> [Problem] Retype the entries exactly, but skip the pictures.

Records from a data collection
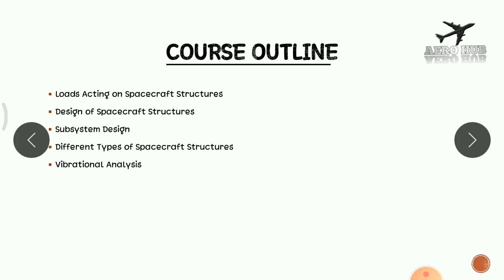So it is a case study for different types of launch work. These are the things we are going to discuss in this course. This is a basic course, not an advanced course. And this is the first course on YouTube regarding spacecraft structures.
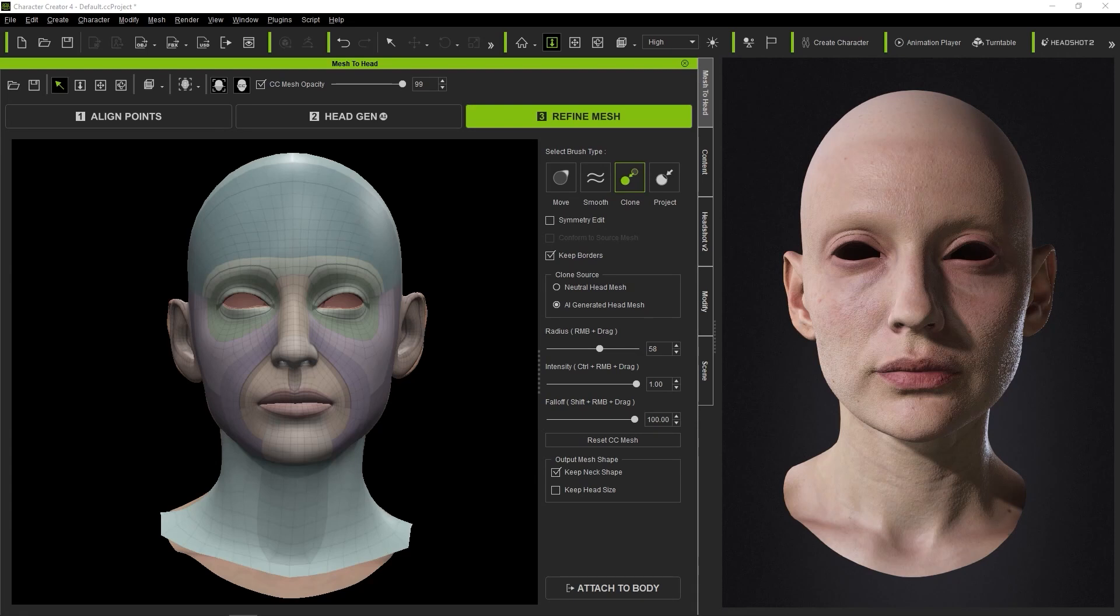Hey everyone, in this tutorial we're going to take a quick look at the four different brushes included with HeadShot 2.0 and how to use them.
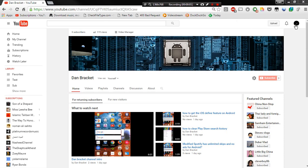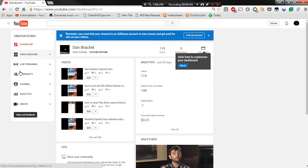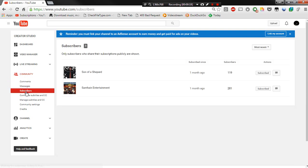Hey YouTube, this is Dan. Just a quick tutorial to show you who subscribed to your channel. Go ahead and go to Creator Studios, then go to Community, then go to Subscribers, and there you go.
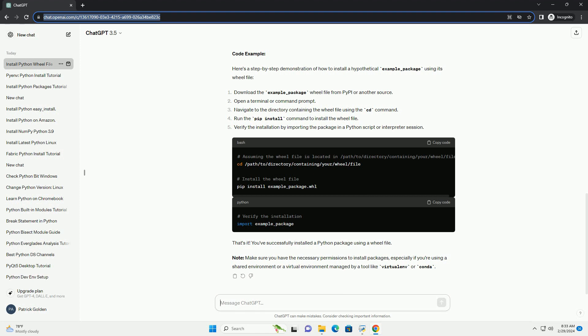Note: Make sure you have the necessary permissions to install packages, especially if you're using a shared environment or a virtual environment managed by a tool like virtualenv or conda.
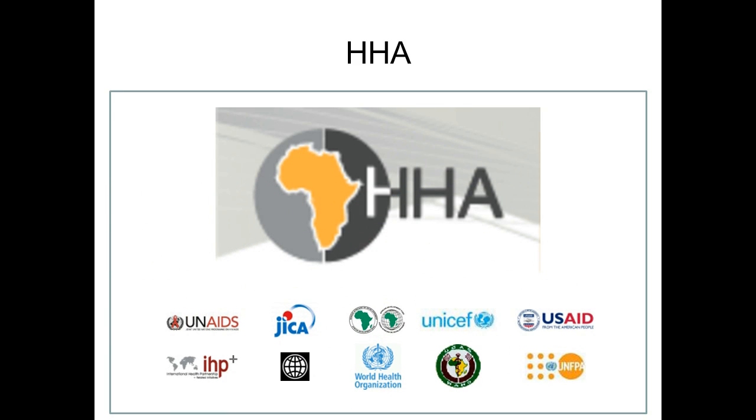Welcome to this short introduction on how to use the OneHelp tool. Enjoy watching.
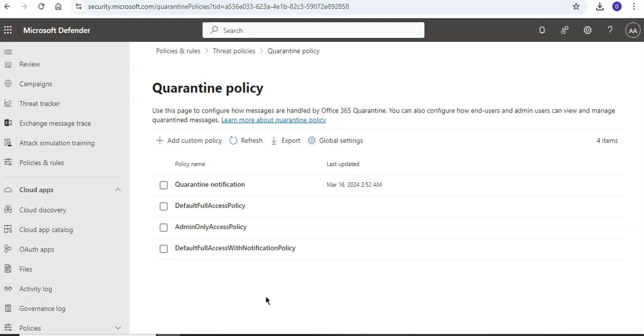Then you have to set the permissions through XDR unified role-based access control, or from Email and Collaboration permissions in the Microsoft Defender portal, or through Microsoft Enter permissions.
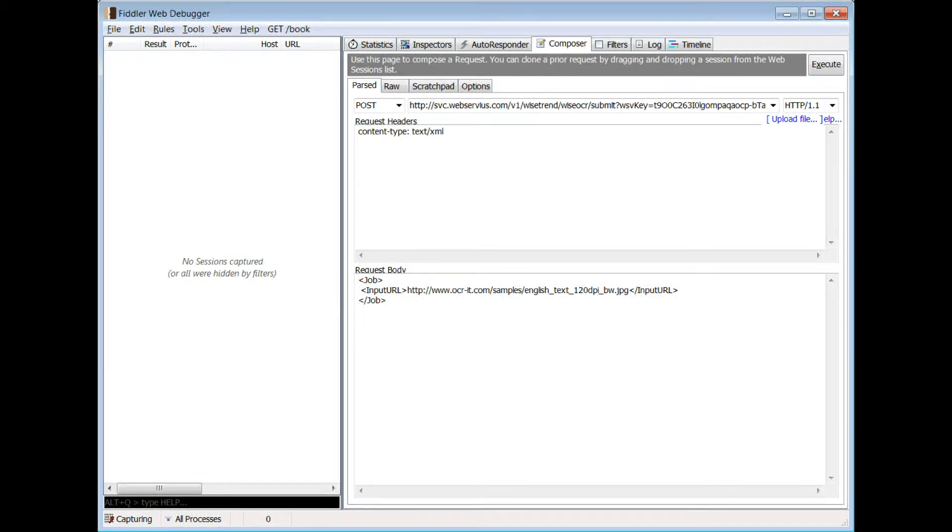Next, write your code or use your testing environment to create an OCR API request via web call. For this testing, we will use Fiddler, a free web monitoring utility.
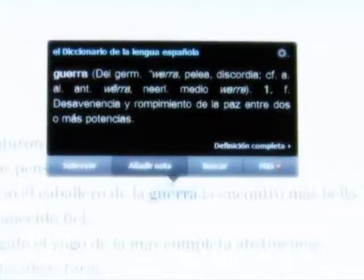El e-book, las tablets y los dispositivos electrónicos son herramientas de consumo que han llegado a nuestras manos. Facilitan la lectura, la circulación de información y el uso de nuevos formatos para narrar. Pero, ¿cómo están incursionando en la escuela?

> [Output below]
So it is a case study for different types of launch work. These are the things we are going to discuss in this course. This is a basic course, not an advanced course. And this is the first course on YouTube regarding spacecraft structures.
Hey everyone, in this tutorial we're going to take a quick look at the four different brushes included with HeadShot 2.0 and how to use them.
Hey YouTube, this is Dan. Just a quick tutorial to show you who subscribed to your channel. Go ahead and go to Creator Studios, then go to Community, then go to Subscribers, and there you go.
Note: Make sure you have the necessary permissions to install packages, especially if you're using a shared environment or a virtual environment managed by a tool like virtualenv or conda.
Welcome to this short introduction on how to use the OneHelp tool. Enjoy watching.
Then you have to set the permissions through XDR unified role-based access control, or from Email and Collaboration permissions in the Microsoft Defender portal, or through Microsoft Enter permissions.
Next, write your code or use your testing environment to create an OCR API request via web call. For this testing, we will use Fiddler, a free web monitoring utility.
El e-book, las tablets y los dispositivos electrónicos son herramientas de consumo que han llegado a nuestras manos. Facilitan la lectura, la circulación de información y el uso de nuevos formatos para narrar. Pero, ¿cómo están incursionando en la escuela?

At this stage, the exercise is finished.